• [Task directions]:
Return the data below exactly as given, except for the images.

• [Input data]:
......

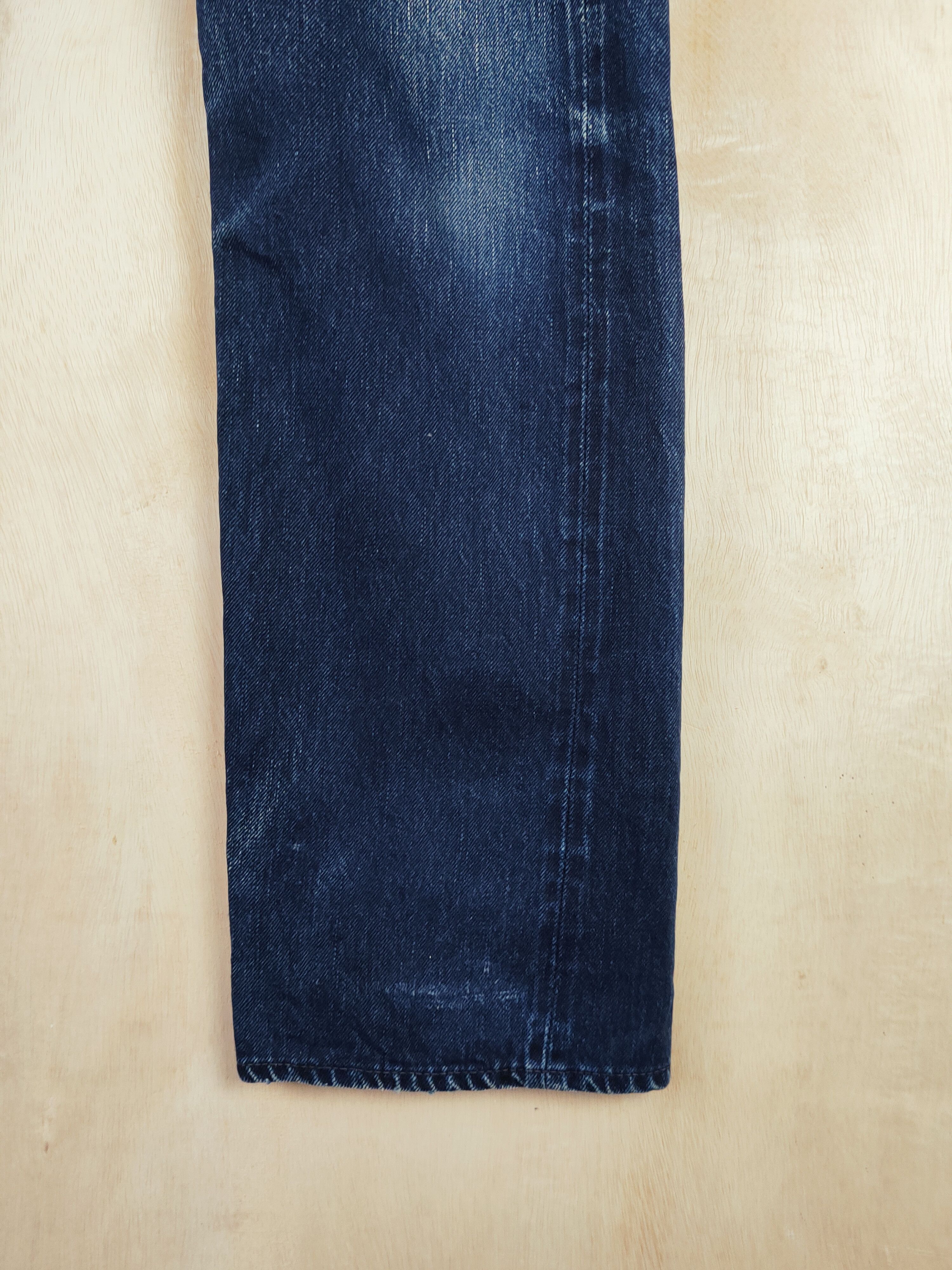 45rpm DL R Dark Blue Distressed Ripped Jeans #2668 Size US 30 / EU 46 - 6 Thumbnail
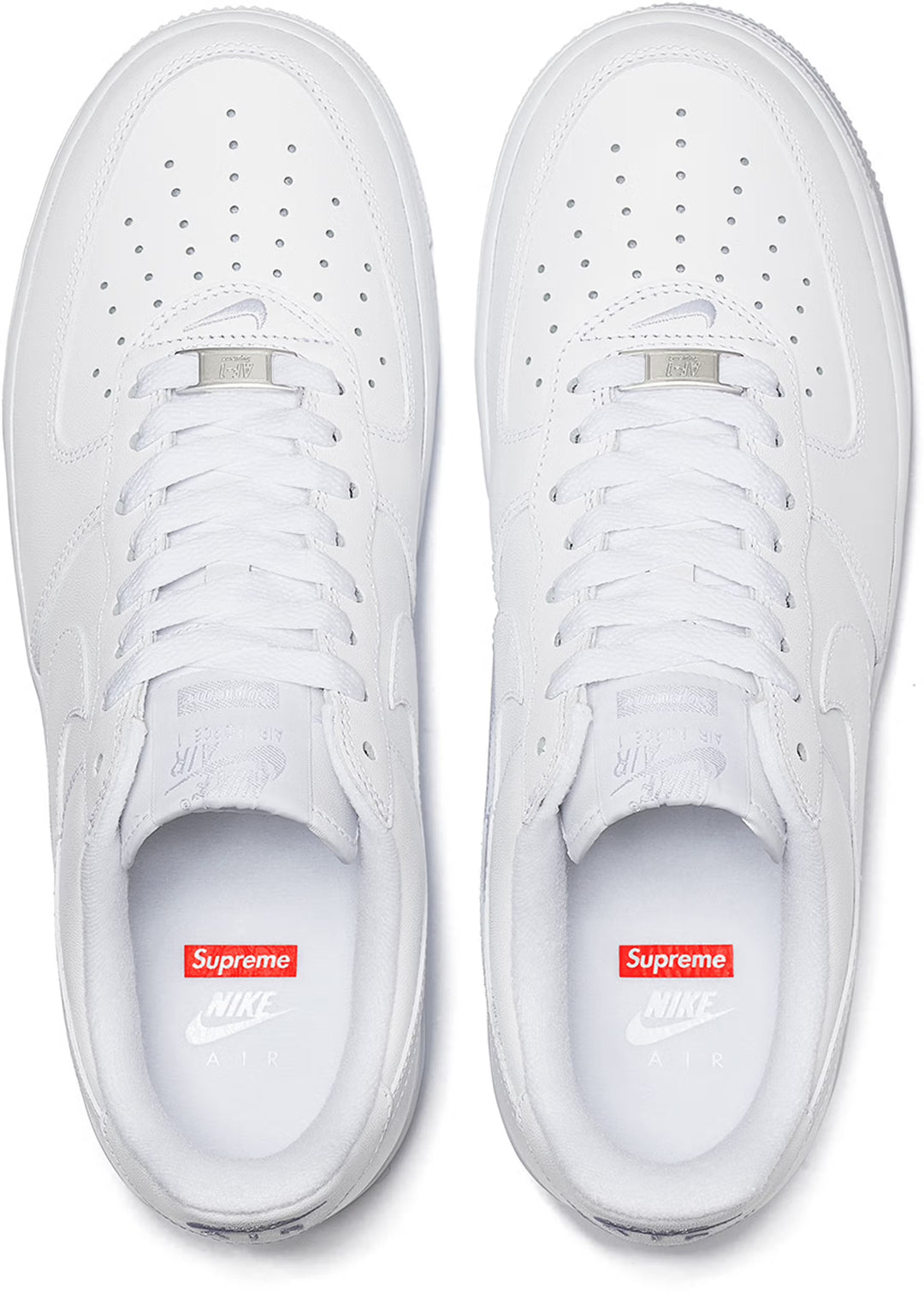 NIKE AIR FORCE 1 LOW X SUPREME WHITE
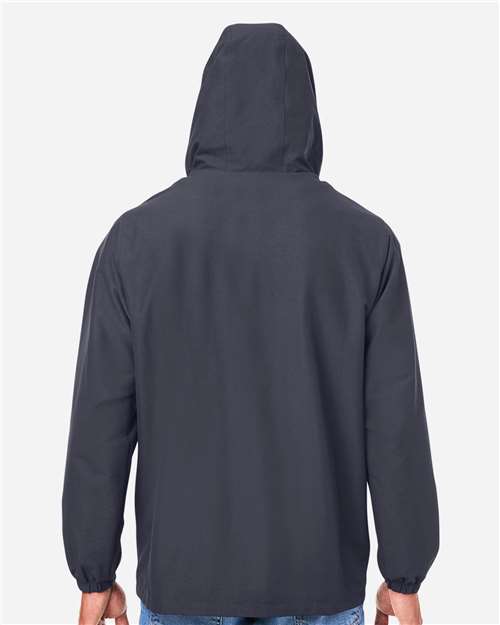 Unisex Flex Twill Hooded Jacket - Dark Charcoal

......

• [Task solution]:
 45rpm DL R Dark Blue Distressed Ripped Jeans #2668 Size US 30 / EU 46 - 6 Thumbnail
 NIKE AIR FORCE 1 LOW X SUPREME WHITE
 Unisex Flex Twill Hooded Jacket - Dark Charcoal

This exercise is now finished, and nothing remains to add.